HOW TO COMPLETE THIS TASK:
Each record here should be printed again exactly; please leave its pictures out.

Short web captions:
*-*-*
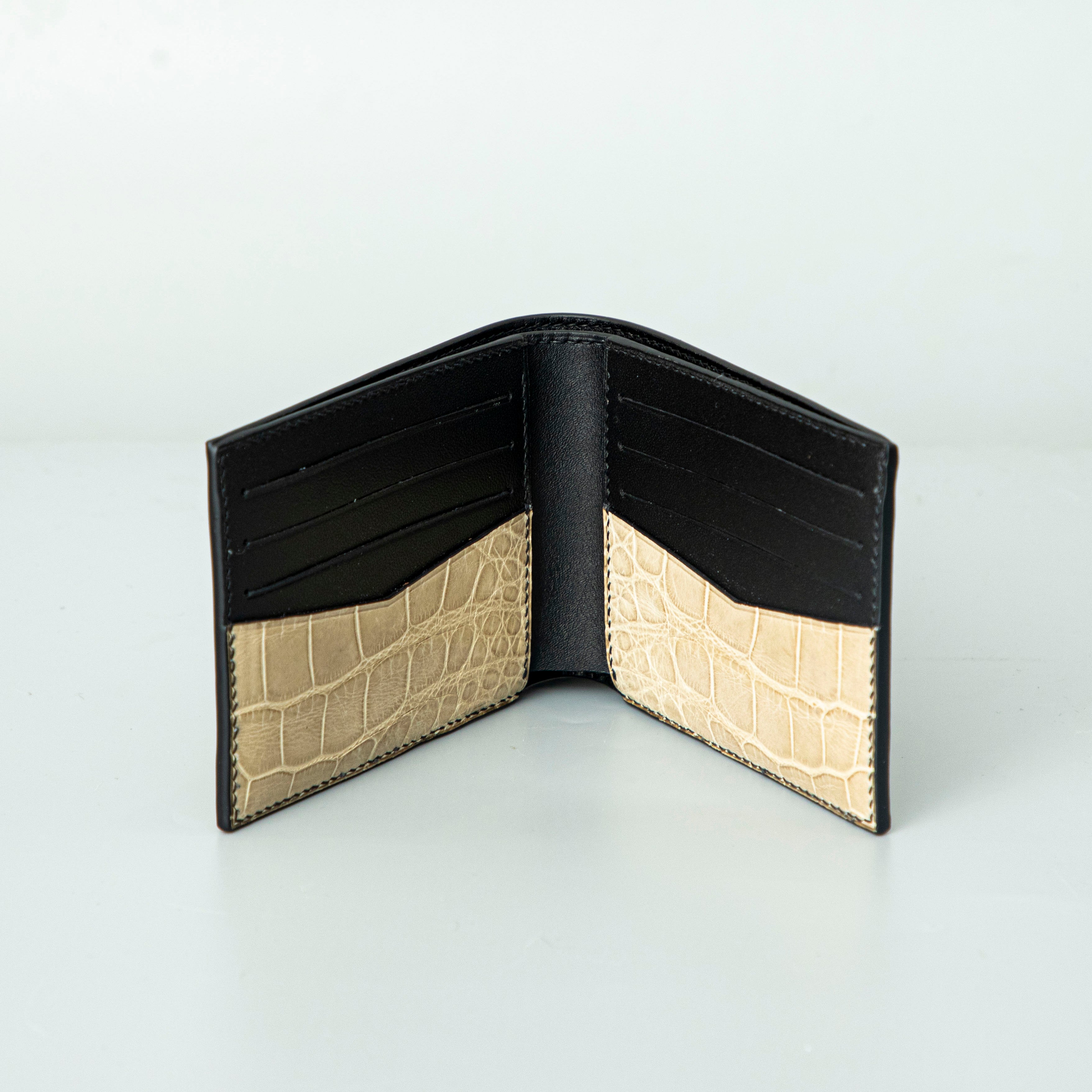 Beige Crocodile leather wallet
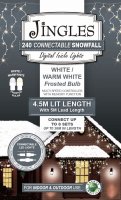Jingles 240 Connectable LED Snowfall Icicle Lights -Wht/Warm Wht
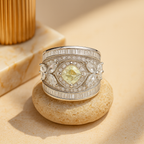 Rhodium Plated Multi Crystal Anti-Tarnish Waterproof Ring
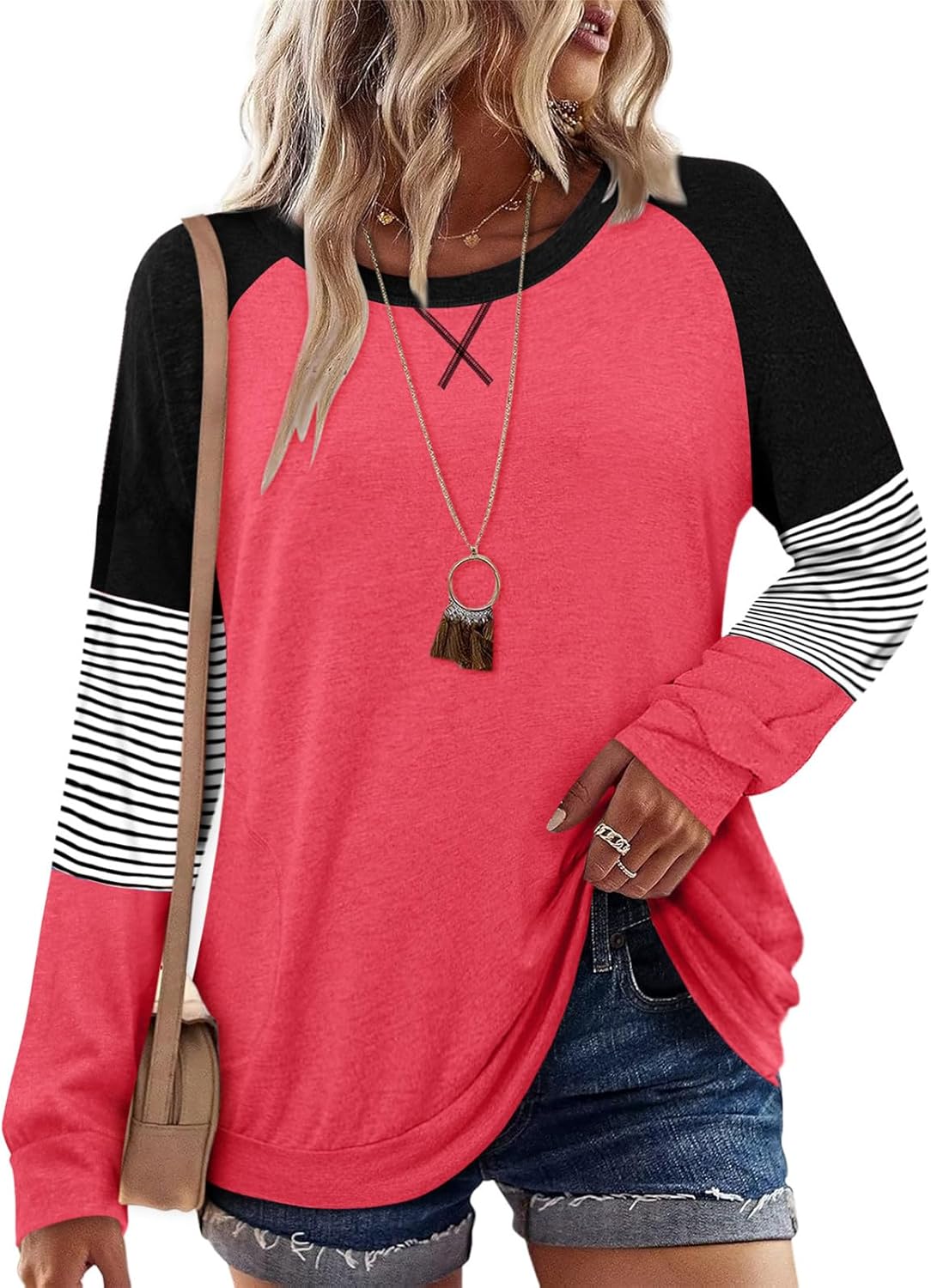 onlypuff Long Sleeve Tunic Top for Women Casual Loose Fitting Fall Fashion Clothing with Pockets - Image 2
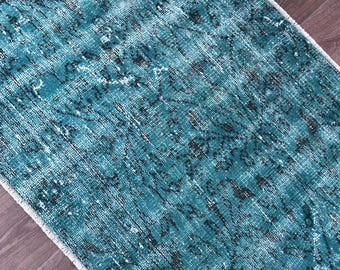 2x6 Vintage Teal Runner Rug, 2x6 Handmade Floral Runner, Ocean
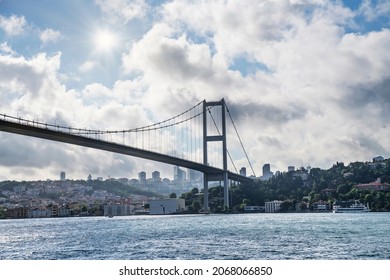 Bosphorus Bridge Between Europe And Asia In Istanbul. Side View.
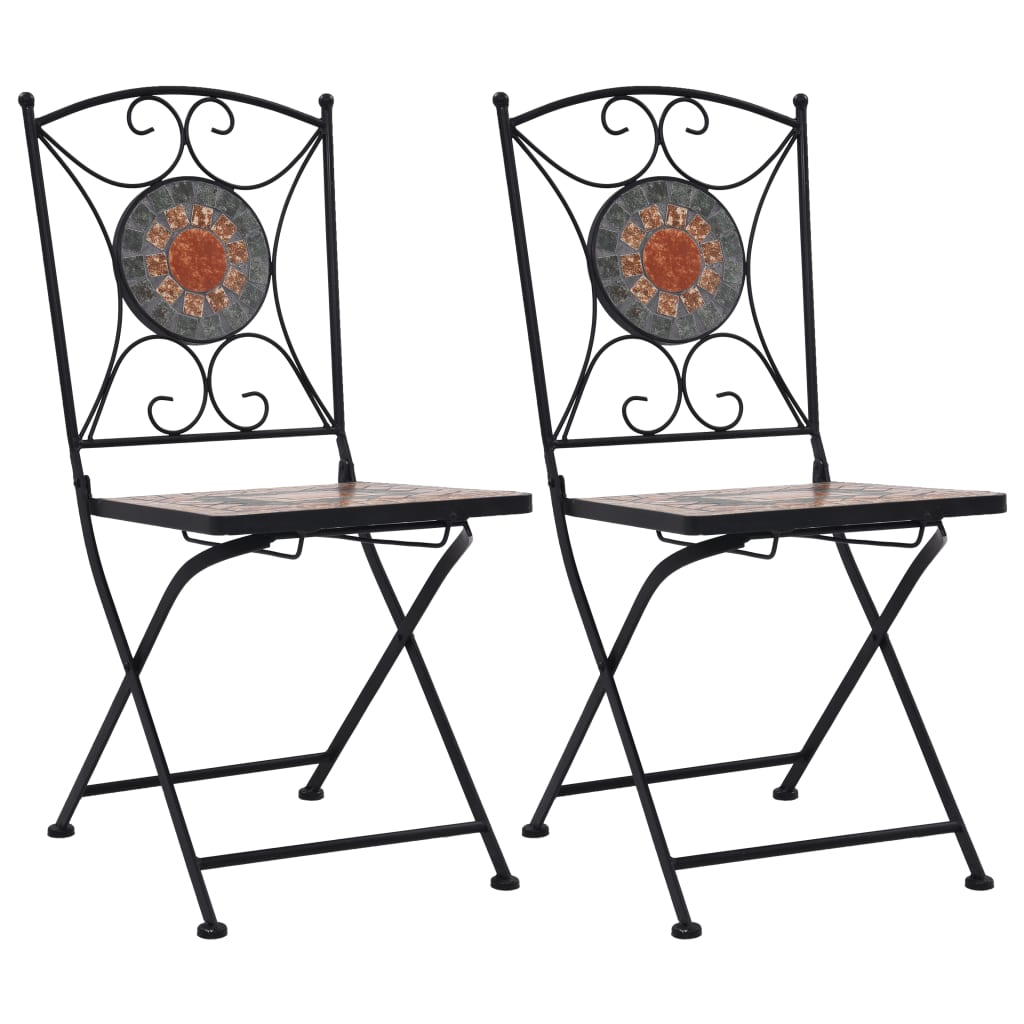 Bistrostoelen mozaïek 2 st oranje en grijs is nu te koop bij PeponiXL, paradijselijk wonen!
*-*-*
RESULT OF THE EXERCISE:
 Beige Crocodile leather wallet
Jingles 240 Connectable LED Snowfall Icicle Lights -Wht/Warm Wht
 Rhodium Plated Multi Crystal Anti-Tarnish Waterproof Ring
 onlypuff Long Sleeve Tunic Top for Women Casual Loose Fitting Fall Fashion Clothing with Pockets - Image 2
 2x6 Vintage Teal Runner Rug, 2x6 Handmade Floral Runner, Ocean
 Bosphorus Bridge Between Europe And Asia In Istanbul. Side View.
 Bistrostoelen mozaïek 2 st oranje en grijs is nu te koop bij PeponiXL, paradijselijk wonen!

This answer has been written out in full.